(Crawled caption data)
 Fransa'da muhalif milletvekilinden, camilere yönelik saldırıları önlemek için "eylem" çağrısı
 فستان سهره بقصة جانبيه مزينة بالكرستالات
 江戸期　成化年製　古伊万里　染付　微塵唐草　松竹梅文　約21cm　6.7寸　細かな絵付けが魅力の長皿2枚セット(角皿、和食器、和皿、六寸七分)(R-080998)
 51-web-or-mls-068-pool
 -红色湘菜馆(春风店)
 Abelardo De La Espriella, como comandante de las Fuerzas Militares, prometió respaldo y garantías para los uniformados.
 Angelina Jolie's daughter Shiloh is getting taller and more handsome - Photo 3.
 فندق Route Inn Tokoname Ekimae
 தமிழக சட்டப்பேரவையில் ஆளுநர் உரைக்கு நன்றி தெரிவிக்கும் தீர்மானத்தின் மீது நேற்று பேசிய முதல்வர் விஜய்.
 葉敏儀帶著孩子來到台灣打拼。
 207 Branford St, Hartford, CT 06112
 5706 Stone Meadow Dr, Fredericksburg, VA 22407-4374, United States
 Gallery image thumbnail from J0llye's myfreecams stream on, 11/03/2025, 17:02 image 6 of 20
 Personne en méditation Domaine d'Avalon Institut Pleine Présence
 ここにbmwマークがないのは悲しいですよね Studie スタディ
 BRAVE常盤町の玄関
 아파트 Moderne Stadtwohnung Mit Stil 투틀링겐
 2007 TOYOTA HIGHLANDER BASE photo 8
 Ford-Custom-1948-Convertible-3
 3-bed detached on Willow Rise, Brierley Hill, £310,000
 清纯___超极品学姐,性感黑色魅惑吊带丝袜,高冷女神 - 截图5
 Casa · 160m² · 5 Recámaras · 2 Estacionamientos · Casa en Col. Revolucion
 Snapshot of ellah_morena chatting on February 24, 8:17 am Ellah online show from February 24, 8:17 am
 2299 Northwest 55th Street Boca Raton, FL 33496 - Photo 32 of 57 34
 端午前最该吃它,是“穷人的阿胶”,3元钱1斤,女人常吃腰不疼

◆ YOUR TASK:
Copy down the entries exactly, leaving out no line.

◆ SOLVED EXERCISE:
 Fransa'da muhalif milletvekilinden, camilere yönelik saldırıları önlemek için "eylem" çağrısı
 فستان سهره بقصة جانبيه مزينة بالكرستالات
 江戸期　成化年製　古伊万里　染付　微塵唐草　松竹梅文　約21cm　6.7寸　細かな絵付けが魅力の長皿2枚セット(角皿、和食器、和皿、六寸七分)(R-080998)
 51-web-or-mls-068-pool
 -红色湘菜馆(春风店)
 Abelardo De La Espriella, como comandante de las Fuerzas Militares, prometió respaldo y garantías para los uniformados.
 Angelina Jolie's daughter Shiloh is getting taller and more handsome - Photo 3.
 فندق Route Inn Tokoname Ekimae
 தமிழக சட்டப்பேரவையில் ஆளுநர் உரைக்கு நன்றி தெரிவிக்கும் தீர்மானத்தின் மீது நேற்று பேசிய முதல்வர் விஜய்.
 葉敏儀帶著孩子來到台灣打拼。
 207 Branford St, Hartford, CT 06112
 5706 Stone Meadow Dr, Fredericksburg, VA 22407-4374, United States
 Gallery image thumbnail from J0llye's myfreecams stream on, 11/03/2025, 17:02 image 6 of 20
 Personne en méditation Domaine d'Avalon Institut Pleine Présence
 ここにbmwマークがないのは悲しいですよね Studie スタディ
 BRAVE常盤町の玄関
 아파트 Moderne Stadtwohnung Mit Stil 투틀링겐
 2007 TOYOTA HIGHLANDER BASE photo 8
 Ford-Custom-1948-Convertible-3
 3-bed detached on Willow Rise, Brierley Hill, £310,000
 清纯___超极品学姐,性感黑色魅惑吊带丝袜,高冷女神 - 截图5
 Casa · 160m² · 5 Recámaras · 2 Estacionamientos · Casa en Col. Revolucion
 Snapshot of ellah_morena chatting on February 24, 8:17 am Ellah online show from February 24, 8:17 am
 2299 Northwest 55th Street Boca Raton, FL 33496 - Photo 32 of 57 34
 端午前最该吃它,是“穷人的阿胶”,3元钱1斤,女人常吃腰不疼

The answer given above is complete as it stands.